Material for this exercise:
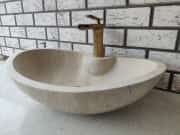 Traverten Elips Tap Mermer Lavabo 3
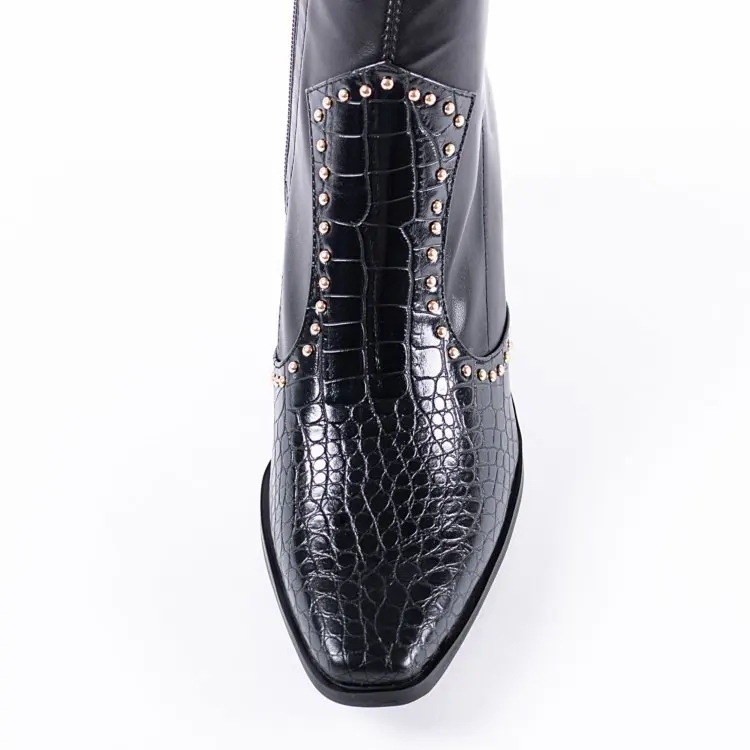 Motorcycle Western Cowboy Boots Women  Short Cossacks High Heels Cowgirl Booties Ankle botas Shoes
* * *
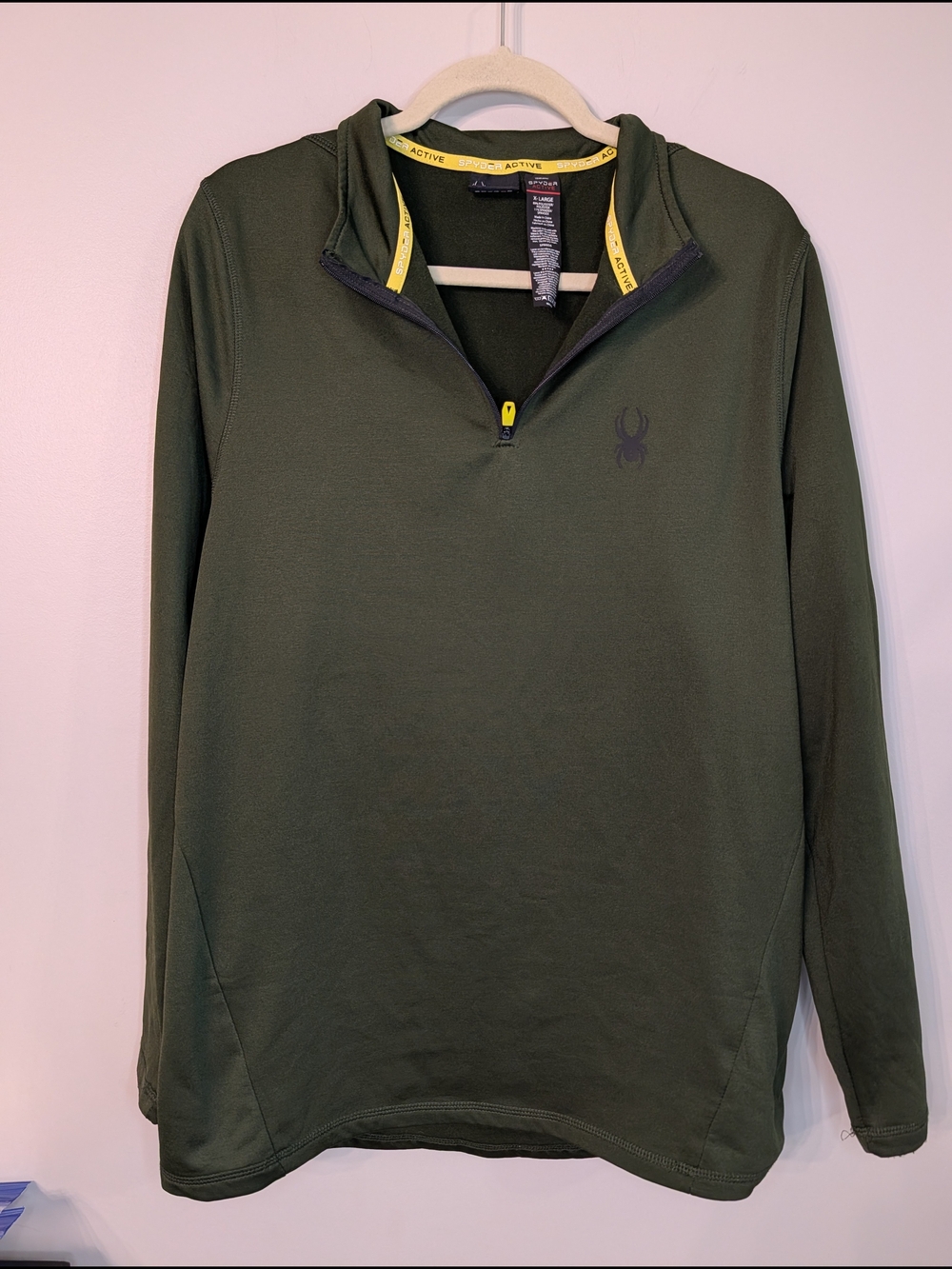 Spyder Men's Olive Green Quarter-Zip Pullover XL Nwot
...
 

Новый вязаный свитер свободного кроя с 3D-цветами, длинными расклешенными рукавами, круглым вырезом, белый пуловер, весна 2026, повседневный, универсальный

Task to carry out: For the entries above, print exactly the lines between the one with "Traverten Elips Tap Mermer Lavabo 3" and the one with "Motorcycle Western Cowboy", inclusive, with no pictures.

Result for this exercise:
 Traverten Elips Tap Mermer Lavabo 3
 Motorcycle Western Cowboy Boots Women  Short Cossacks High Heels Cowgirl Booties Ankle botas Shoes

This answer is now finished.